Ese no es, por supuesto, el uso más frecuente de la frase «A la orden», pronunciada constantemente por empleados y funcionarios al cierre de una diligencia.
Los venezolanos, ciertamente serviciales, tienen siempre en la boca la expresión, prima hermana de nuestro «Con mucho gusto» y seguramente pariente cercana de la cubanísima «Por nada». Puede apostarlo: inmediatamente antes de que el cliente agradezca y se entere de que cuenta en el lugar con alguien a la orden, el oficinista, la secretaria, el camarero… le habrán certificado el éxito del servicio con un «¡Listo!», expresión tan emblemática como el Orinoco.

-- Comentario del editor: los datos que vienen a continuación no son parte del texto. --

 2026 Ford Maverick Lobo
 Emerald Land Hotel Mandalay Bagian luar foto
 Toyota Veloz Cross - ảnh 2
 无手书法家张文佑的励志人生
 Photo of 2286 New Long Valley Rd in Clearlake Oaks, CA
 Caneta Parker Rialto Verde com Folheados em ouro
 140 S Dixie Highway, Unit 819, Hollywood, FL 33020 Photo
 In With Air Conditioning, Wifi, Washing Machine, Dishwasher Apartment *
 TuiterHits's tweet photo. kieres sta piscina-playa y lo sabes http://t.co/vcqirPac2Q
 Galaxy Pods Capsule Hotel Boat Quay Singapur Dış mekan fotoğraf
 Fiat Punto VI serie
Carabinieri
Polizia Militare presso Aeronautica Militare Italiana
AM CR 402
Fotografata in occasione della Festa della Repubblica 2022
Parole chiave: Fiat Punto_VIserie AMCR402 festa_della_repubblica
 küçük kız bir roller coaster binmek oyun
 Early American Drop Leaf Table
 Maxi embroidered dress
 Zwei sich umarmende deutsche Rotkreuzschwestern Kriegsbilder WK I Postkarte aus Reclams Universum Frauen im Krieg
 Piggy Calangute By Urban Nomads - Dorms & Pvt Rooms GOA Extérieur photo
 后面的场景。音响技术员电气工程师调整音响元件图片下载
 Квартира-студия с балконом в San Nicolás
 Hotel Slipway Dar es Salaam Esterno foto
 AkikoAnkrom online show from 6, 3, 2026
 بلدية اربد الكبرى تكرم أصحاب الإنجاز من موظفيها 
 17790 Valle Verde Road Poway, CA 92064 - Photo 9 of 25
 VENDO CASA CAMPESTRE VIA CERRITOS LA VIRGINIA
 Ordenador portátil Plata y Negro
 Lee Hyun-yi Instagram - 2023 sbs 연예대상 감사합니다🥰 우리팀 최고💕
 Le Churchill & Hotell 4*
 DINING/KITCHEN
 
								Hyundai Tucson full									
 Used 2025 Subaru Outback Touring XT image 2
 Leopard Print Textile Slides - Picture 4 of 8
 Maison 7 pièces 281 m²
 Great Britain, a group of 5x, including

Son frases típicas de este hermano diferente que el pueblo cubano tiene en el borde meridional del Caribe. Quien viene de la Isla suele caer en la involuntaria equivalencia de términos. No hay manera de que el recién llegado entienda que el «ahorita» local es nuestro «ahora» ni que el «ahora» de aquí es una especie de promesa imprecisa que no encuentra acomodo en las manecillas del reloj. Ubíquese en Caracas: si le aseguran que su pedido se atenderá «ahora», búsquese ahorita mismo una silla cómoda.
La princesa del cuento de Meñique —aquella belleza arrogante que, vencida por el ingenio del pequeño, explotó con el clásico «¡Esto es demasiado!» que le costó su real mano y algo más— hubiera tenido dificultades para hacerse entender en Venezuela, donde, definitivamente, demasiado nunca es demasiado.
Si para nosotros tal adverbio tiene el rancio aroma de la desmesura, a partir de la idea de que lo excesivo resulta perjudicial, los venezolanos lo usan como el «muy» de los cubanos, por lo tanto no asombra que un «chamo» caraqueño afirme, con redoble en el pecho y los ojos en blanco, que su compañera de clases tiene unos labios demasiado bonitos.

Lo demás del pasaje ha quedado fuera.